You are viewing jputnam

jputnam [userpic]

Haskell vs. Quicksort

September 9th, 2007 (03:20 am)

Sort time ago, a blogger rather cleverly embedded a C-like imperative language as a DSL in Haskell. He then implemented quicksort in this DSL and opined that no elegance had been gained.

Um...

...yeah. I guess there really isn't much to say about that.

This post is both an explanation of QuickSort in Haskell itself an a window into how I develop code.

swap :: (MArray a e m, Ix i) => a i e -> i -> i -> m ()
swap a x y = do
   vX <- readArray a x
   vY <- readArray a y
   writeArray a x vY
   writeArray a y vX
Swap is only used in one place, but it should be in the standard library, so I'm factoring it out anyway.

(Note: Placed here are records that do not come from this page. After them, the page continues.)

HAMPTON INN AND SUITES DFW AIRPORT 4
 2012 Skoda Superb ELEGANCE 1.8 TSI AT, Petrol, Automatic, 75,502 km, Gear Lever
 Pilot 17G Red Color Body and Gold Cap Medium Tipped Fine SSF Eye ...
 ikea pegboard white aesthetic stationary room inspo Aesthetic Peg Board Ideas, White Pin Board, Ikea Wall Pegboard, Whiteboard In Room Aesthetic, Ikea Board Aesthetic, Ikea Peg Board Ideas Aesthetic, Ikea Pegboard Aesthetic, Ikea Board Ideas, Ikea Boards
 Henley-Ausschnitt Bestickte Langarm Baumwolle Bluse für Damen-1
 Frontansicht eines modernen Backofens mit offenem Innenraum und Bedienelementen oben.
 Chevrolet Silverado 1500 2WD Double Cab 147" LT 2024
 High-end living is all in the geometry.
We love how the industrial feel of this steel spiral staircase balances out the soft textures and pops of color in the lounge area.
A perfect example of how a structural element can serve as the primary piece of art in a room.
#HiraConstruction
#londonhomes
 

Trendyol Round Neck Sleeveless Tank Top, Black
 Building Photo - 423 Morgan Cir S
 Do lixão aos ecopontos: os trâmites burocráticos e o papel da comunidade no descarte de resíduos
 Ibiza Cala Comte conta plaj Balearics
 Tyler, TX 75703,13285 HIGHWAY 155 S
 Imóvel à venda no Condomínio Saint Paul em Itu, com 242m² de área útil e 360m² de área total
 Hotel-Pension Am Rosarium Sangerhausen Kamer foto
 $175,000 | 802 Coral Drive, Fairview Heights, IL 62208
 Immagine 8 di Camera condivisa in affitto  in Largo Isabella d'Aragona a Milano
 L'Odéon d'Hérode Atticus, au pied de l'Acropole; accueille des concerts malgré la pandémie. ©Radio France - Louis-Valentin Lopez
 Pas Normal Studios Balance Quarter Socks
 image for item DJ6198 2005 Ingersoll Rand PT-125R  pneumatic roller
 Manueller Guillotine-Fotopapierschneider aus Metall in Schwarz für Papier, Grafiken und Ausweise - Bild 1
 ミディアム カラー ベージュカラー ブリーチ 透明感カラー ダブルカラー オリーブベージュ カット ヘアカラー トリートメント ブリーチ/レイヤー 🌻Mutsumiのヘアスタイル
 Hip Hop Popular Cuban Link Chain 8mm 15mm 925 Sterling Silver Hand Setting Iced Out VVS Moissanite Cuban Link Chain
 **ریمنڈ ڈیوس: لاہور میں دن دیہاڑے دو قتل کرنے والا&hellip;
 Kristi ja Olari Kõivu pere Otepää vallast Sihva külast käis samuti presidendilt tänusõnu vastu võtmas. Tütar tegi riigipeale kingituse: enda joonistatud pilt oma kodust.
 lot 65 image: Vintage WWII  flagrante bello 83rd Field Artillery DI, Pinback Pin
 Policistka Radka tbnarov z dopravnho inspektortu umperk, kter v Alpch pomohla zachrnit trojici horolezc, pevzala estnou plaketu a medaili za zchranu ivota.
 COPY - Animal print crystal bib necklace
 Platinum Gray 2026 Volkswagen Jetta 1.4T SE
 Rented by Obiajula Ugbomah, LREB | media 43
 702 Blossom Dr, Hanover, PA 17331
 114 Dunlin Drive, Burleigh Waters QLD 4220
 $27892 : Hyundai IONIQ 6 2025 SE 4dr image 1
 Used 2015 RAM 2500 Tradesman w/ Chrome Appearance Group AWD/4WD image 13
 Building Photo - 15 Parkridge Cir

Now, the most important property of quicksort is the inner loop, in which elements less than the pivot are left at the front of the subarray and values greater than the pivot are moved to the end. I ignore the optimization of tracking the values equal to the pivot, which avoids pathological behavior on simple inputs.
partition front back = do
   v <- readArray a front
   if (v < pivot)
      then    partition (front+1) back
      else do swap a front back
              partition front (back-1)
and, of course, when it ends, we want to properly return a middle index to swap the pivot back into.
partition front back | front == back = do
   v <- readArray a front
   if (v < pivot)
      then return (front+1)
      else return front
Putting these together, however, results in a disappointingly long function which manages to be almost entirely duplication. Fortunately, we can factor the common parts together.
partition front back = do
   v <- readArray a front
   case (front /= back, pivot < v) of
      (False, False) -> return (front+1)
      (False, True)  -> return front
      (True,  False) -> partition (front+1) back
      (True,  True)  -> do swap a front back
                        partition front (back-1)
Wikipedia has a simpler algorithm, though, and I'll get back to it later. Anyway, from here, we can sort.
...
   middle <- partition front (back-1)
   swap a middle back
   qsort' front (middle-1)
   qsort' (middle+1) back
And then, the housekeeping.
qsort a = do (front, back) <- getBounds a
             qsort' front back
   where qsort' front back | front >= back = return ()
                           | otherwise = do
            pivot <- readArray a back
            let partition front back = do
                   v <- readArray a front
                   case (front /= back, pivot < v) of
                           (False, False) -> return (front+1)
                           (False, True)  -> return front
                           (True,  False) -> partition (front+1) back
                           (True,  True)  -> do swap a front back
                                                partition front (back-1)
            middle <- partition front (back-1)
            swap a middle back
            qsort' front (middle-1)
            qsort' (middle+1) back
And quickCheck verifies that it does the right thing. But it isn't pretty. Much of Haskell's nice properties come from giving up on mutation and mutable structures altogether.

None of what follows has been tested.
Wikipedia's version isn't any shorter:
partition front back = do
   middle <- rot foldM front [front..back-1] $ \store i -> do
      v <- readArray a i
      if (v <= pivot)
         then do swap a store i
                 return (store+1)
         else return store
   return middle
...
rot f b c a = f a b c
The real problem is with the entirely conventional array operations. As long as the only available operations are the same, the algorithm obviously stays the same.

Better would be something involving a findFirst and some kind of mutate.
partition store front back | (front > back) = return store
                           | otherwise = do
   i <- findFirst a front back (< pivot)
   maybeM i (return store) $ do \i ->
      swap a store i
      partition (store+1) (i+1) back
Nothing spectacular. The for loop already encodes performing a nondeterminate action to each element of an array. Surely we can do better. Sorts encode something specific, namely performing a swap on decreasing sections of an array.

Not done yet.